__WORK INSTRUCTIONS__: What is needed is an exact copy of the data below, pictures excluded.

::: SUPPLIED RECORDS

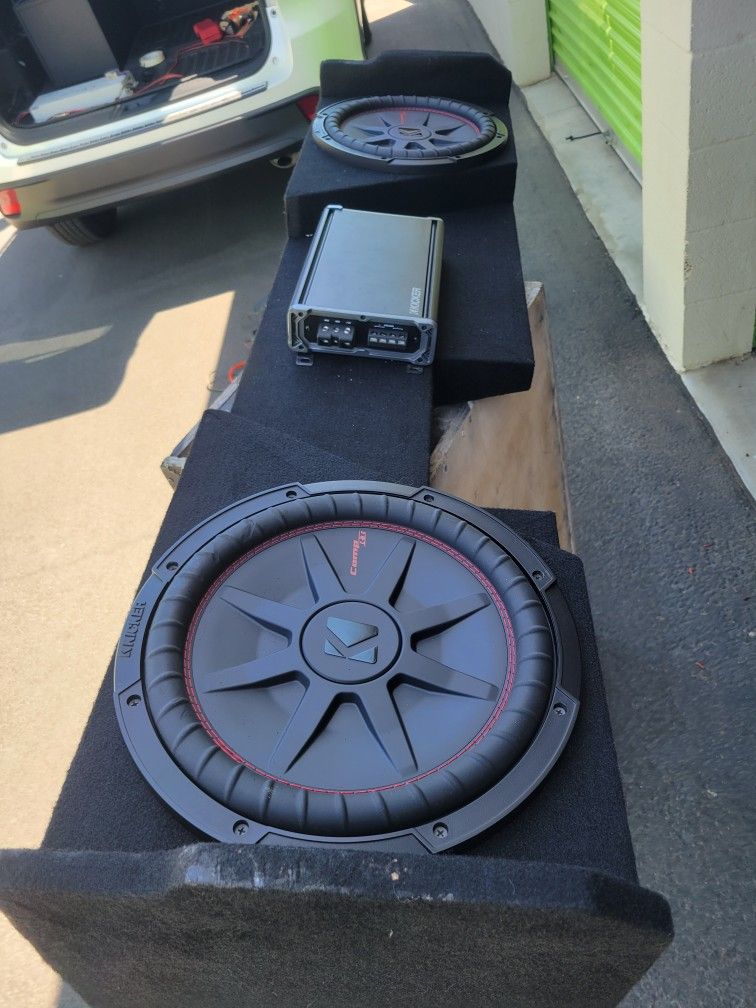 UNAS BOCINAS KICKER Y AMPLIFIER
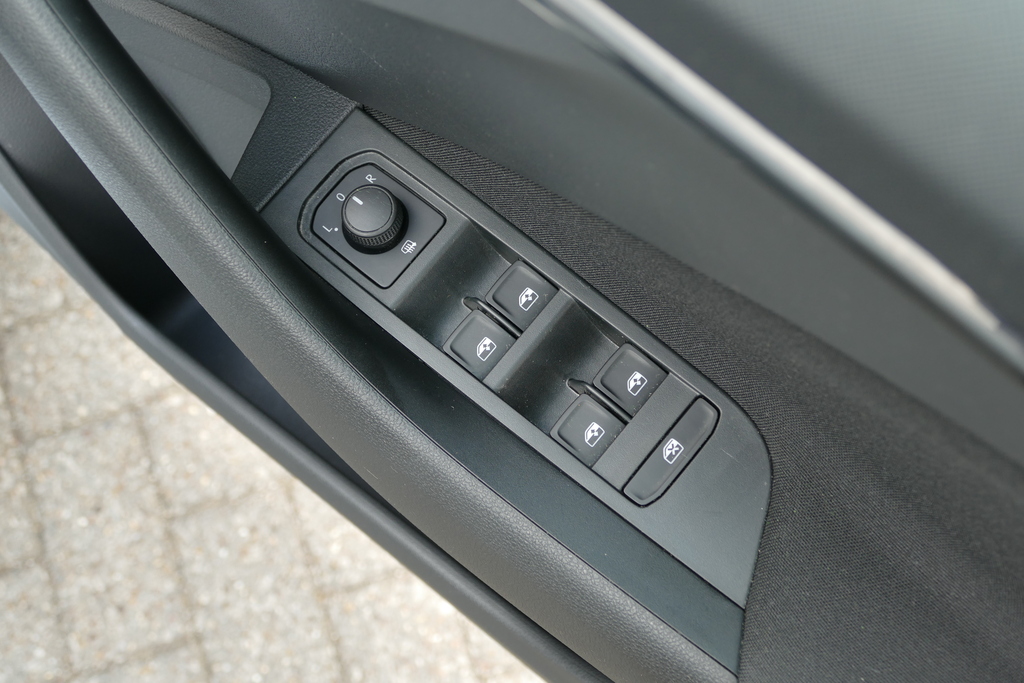 Skoda Scala 1.0 Tsi Se L Hatchback Euro 6 S Blue #21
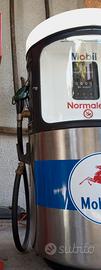 distributore pompa benzina Mobil anni 60 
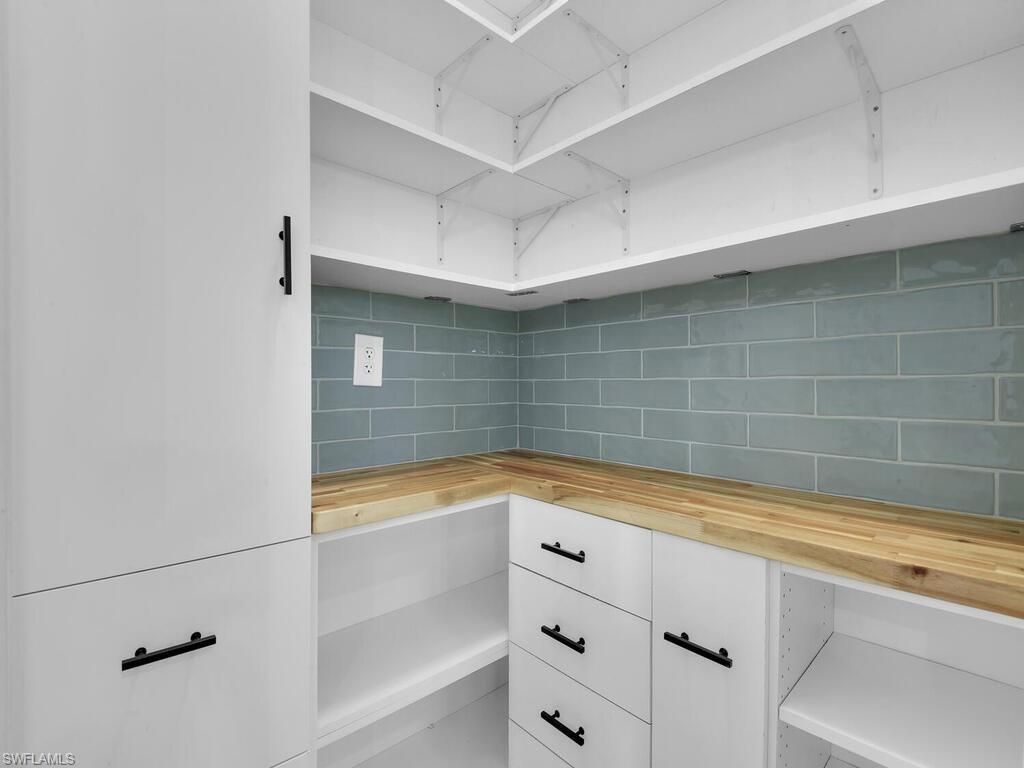 4211 Dutchess Park Rd, Fort Myers, FL 33916 Photo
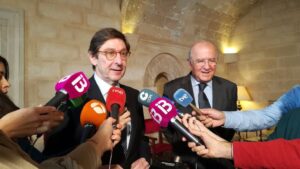 Ignacio Goirigolzarri atiende a los periodistas en el Consolat de Mar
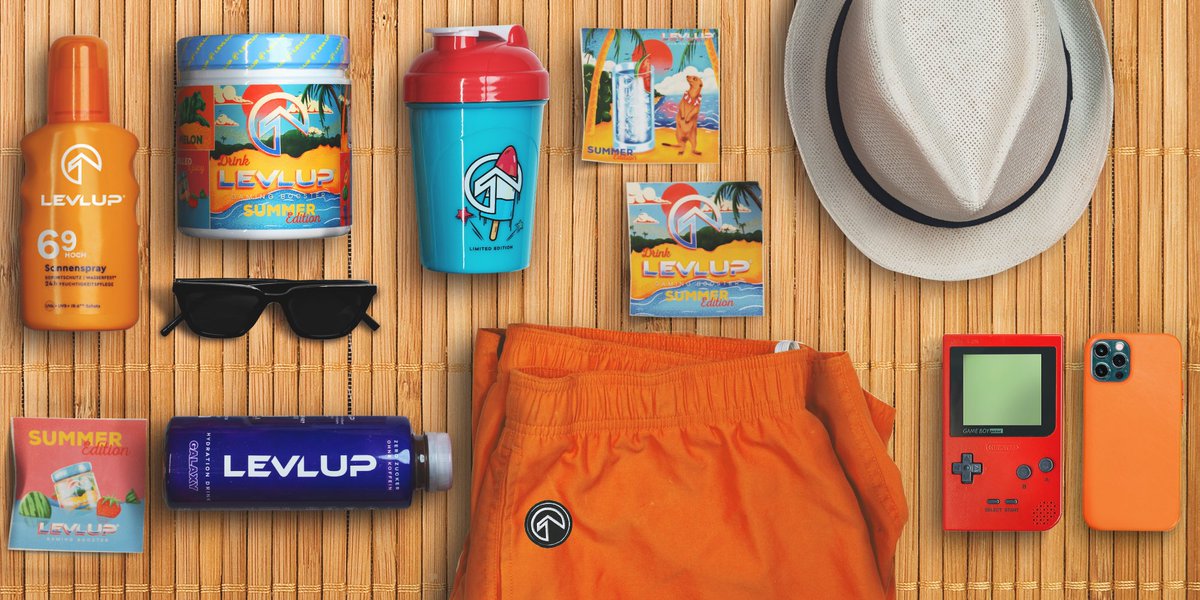 levlupde's tweet photo. „Ich packe meinen Koffer und es darf auf keinen Fall fehlen…!“🧳 Wir fangen an: Smartphone und Badehose😎
#kofferpacken #summerbasics #summerfeeling #summeredition #reisen https://t.co/cDoPOBr4Wn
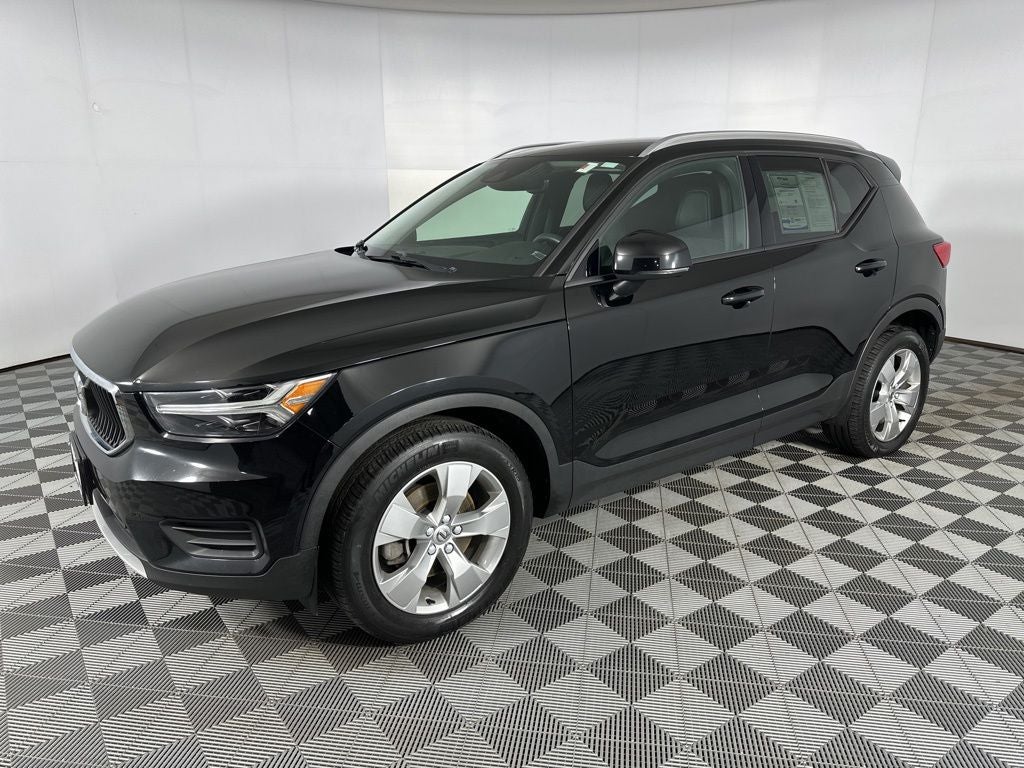 2020 Volvo XC40 Momentum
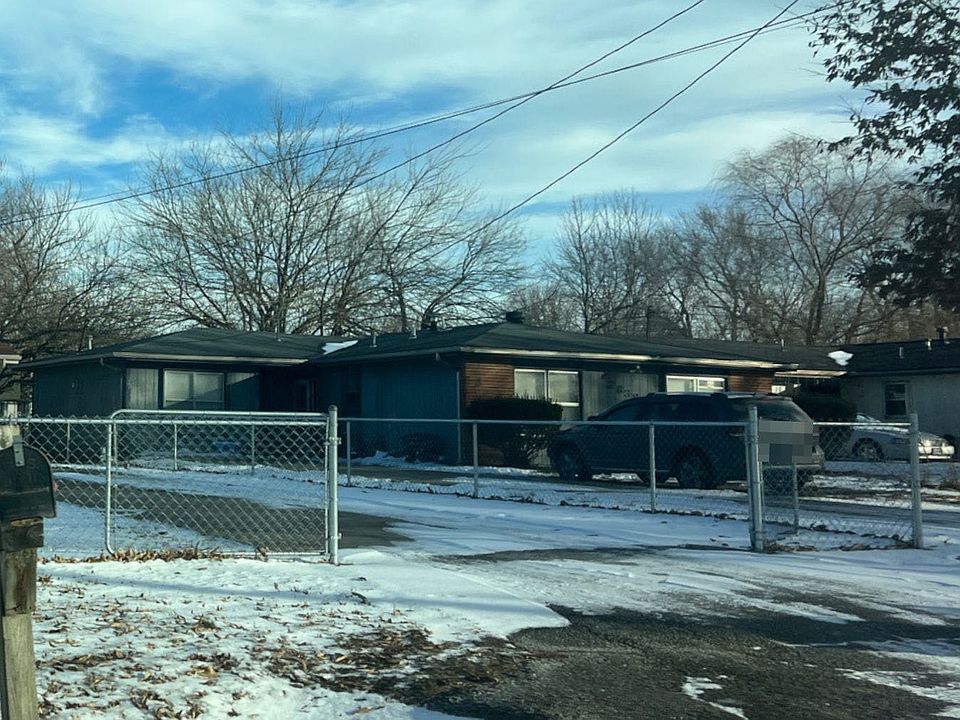 2nd image of 2838 N Pierce Ave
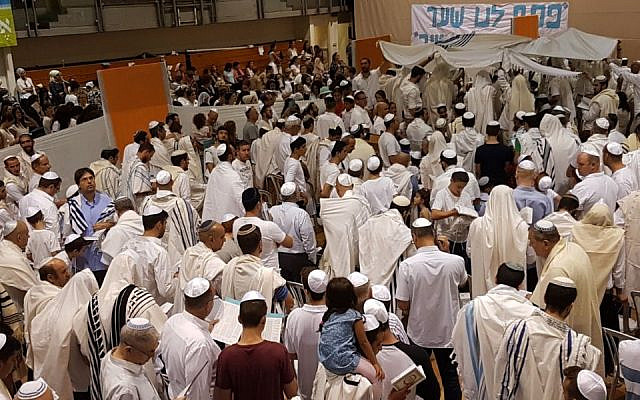 Secular and religious Israelis at the conclusion of Yom Kippur services in the community center in Kiryat Ono, near Tel Aviv. (Courtesy of Tzohar)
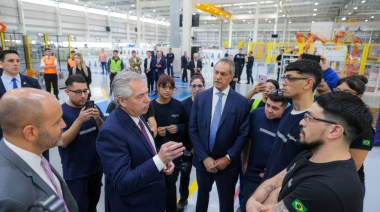 Alberto y Scioli, presentes en la primera exportación de Whirlpool a Brasil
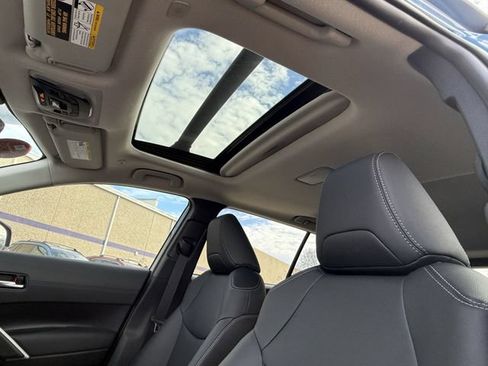 Used 2026 Toyota Corolla Cross XLE w/ Convenience Package FWD image 22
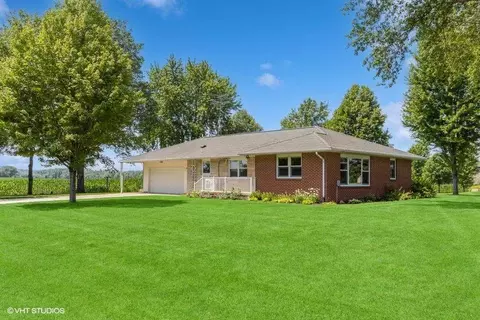 309 S 14th St, Kalona, IA 52247
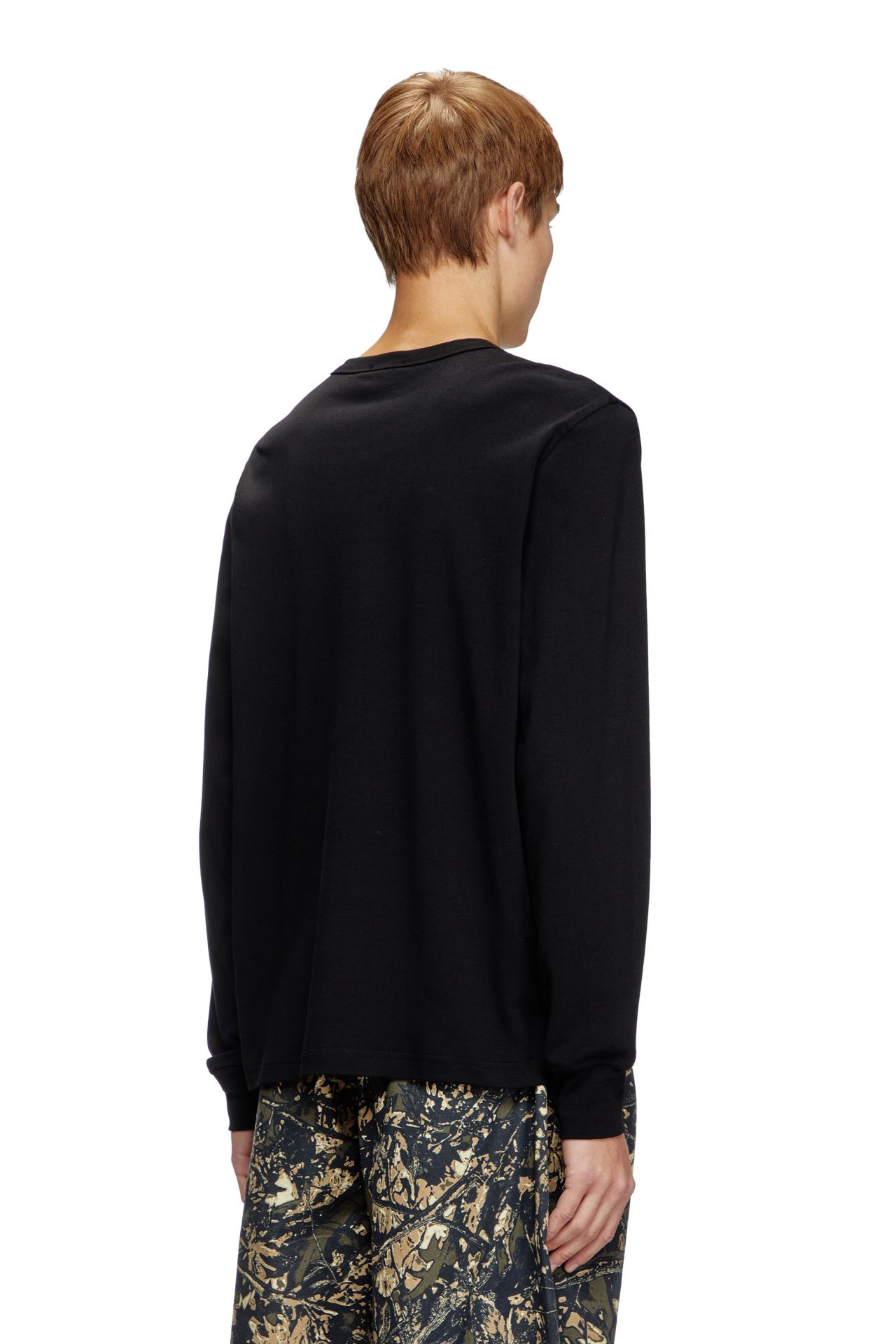 טישרט ארוכה עם רקמת לוגו קטנה - שחור – תמונה 2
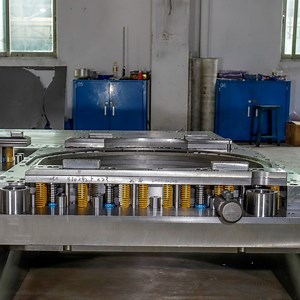 [Hot Item] China Hardware Forming Die Progressive Punch Punching Dies Stamping Mold Heavy Mould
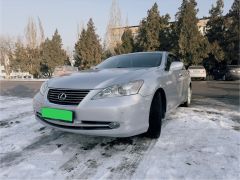 Photo of the vehicle Lexus ES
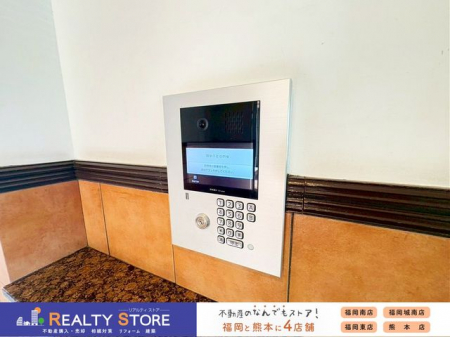 ���̑��@�I�[�g���b�N�t���Ŏ��O�ɗ��K�҂��m�F�ł���̂ň��S�ł���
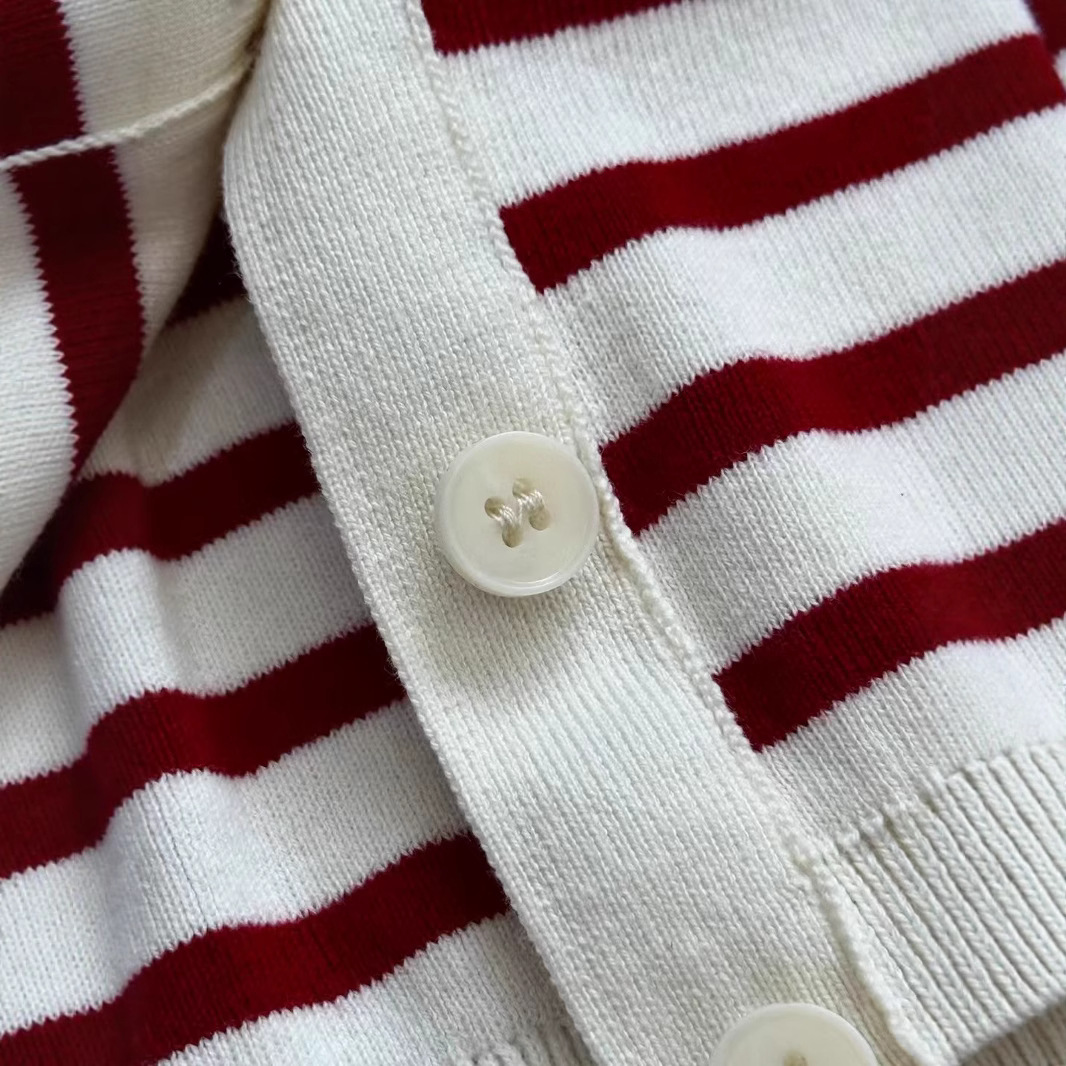 Casual, simple, classic color-blocked striped V-neck cardigan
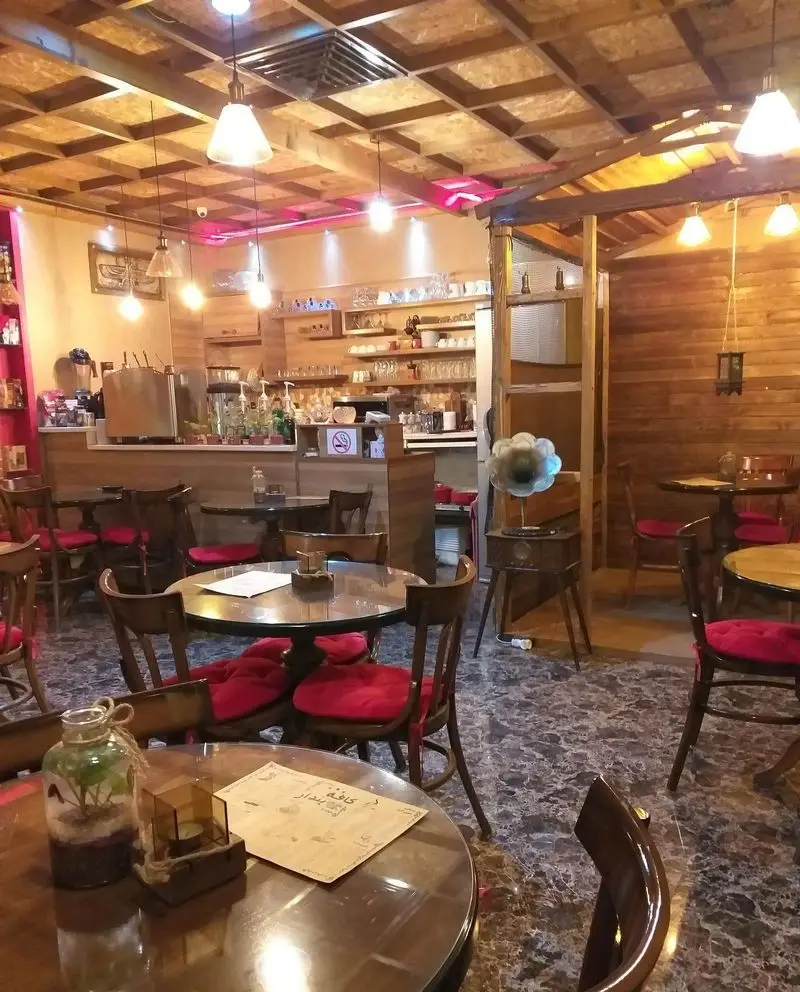 فضای دلنشین و دنج کافه پندار با طراحی داخلی منحصربه‌فرد، سقف چوبی، میز و صندلی‌های راحت و بار مجهز برای تجربه‌ای خاص.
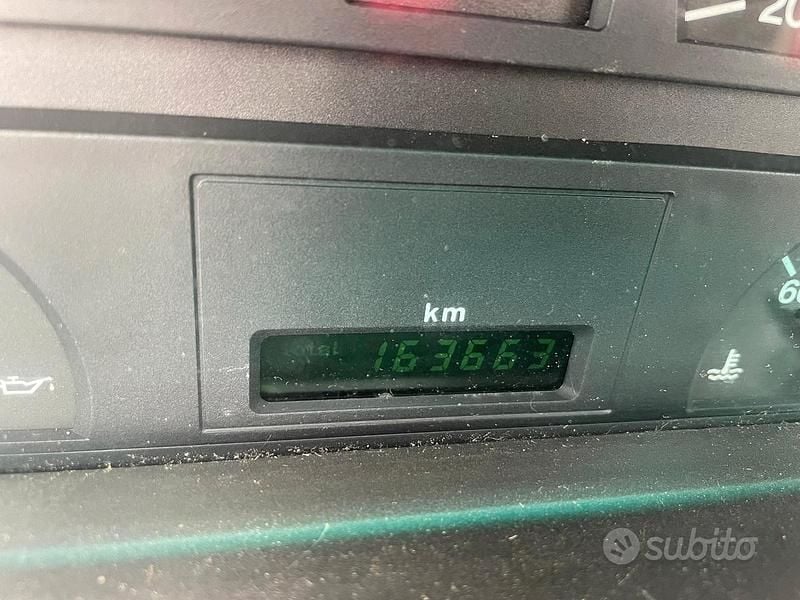 Usata Alfa Romeo 164 201 CV (147 kW) 1996 Blu Berlina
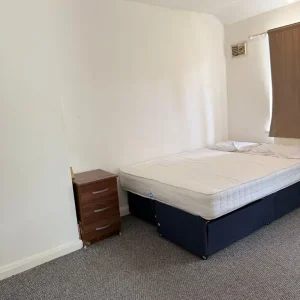 Double room to rent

::::::

__YOUR SOLUTION__:
 UNAS BOCINAS KICKER Y AMPLIFIER
 Skoda Scala 1.0 Tsi Se L Hatchback Euro 6 S Blue #21
 distributore pompa benzina Mobil anni 60 
 4211 Dutchess Park Rd, Fort Myers, FL 33916 Photo
 Ignacio Goirigolzarri atiende a los periodistas en el Consolat de Mar
 levlupde's tweet photo. „Ich packe meinen Koffer und es darf auf keinen Fall fehlen…!“🧳 Wir fangen an: Smartphone und Badehose😎
#kofferpacken #summerbasics #summerfeeling #summeredition #reisen https://t.co/cDoPOBr4Wn
 2020 Volvo XC40 Momentum
 2nd image of 2838 N Pierce Ave
 Secular and religious Israelis at the conclusion of Yom Kippur services in the community center in Kiryat Ono, near Tel Aviv. (Courtesy of Tzohar)
 Alberto y Scioli, presentes en la primera exportación de Whirlpool a Brasil
 Used 2026 Toyota Corolla Cross XLE w/ Convenience Package FWD image 22
 309 S 14th St, Kalona, IA 52247
 טישרט ארוכה עם רקמת לוגו קטנה - שחור – תמונה 2
 [Hot Item] China Hardware Forming Die Progressive Punch Punching Dies Stamping Mold Heavy Mould
 Photo of the vehicle Lexus ES
 ���̑��@�I�[�g���b�N�t���Ŏ��O�ɗ��K�҂��m�F�ł���̂ň��S�ł���
 Casual, simple, classic color-blocked striped V-neck cardigan
 فضای دلنشین و دنج کافه پندار با طراحی داخلی منحصربه‌فرد، سقف چوبی، میز و صندلی‌های راحت و بار مجهز برای تجربه‌ای خاص.
 Usata Alfa Romeo 164 201 CV (147 kW) 1996 Blu Berlina
 Double room to rent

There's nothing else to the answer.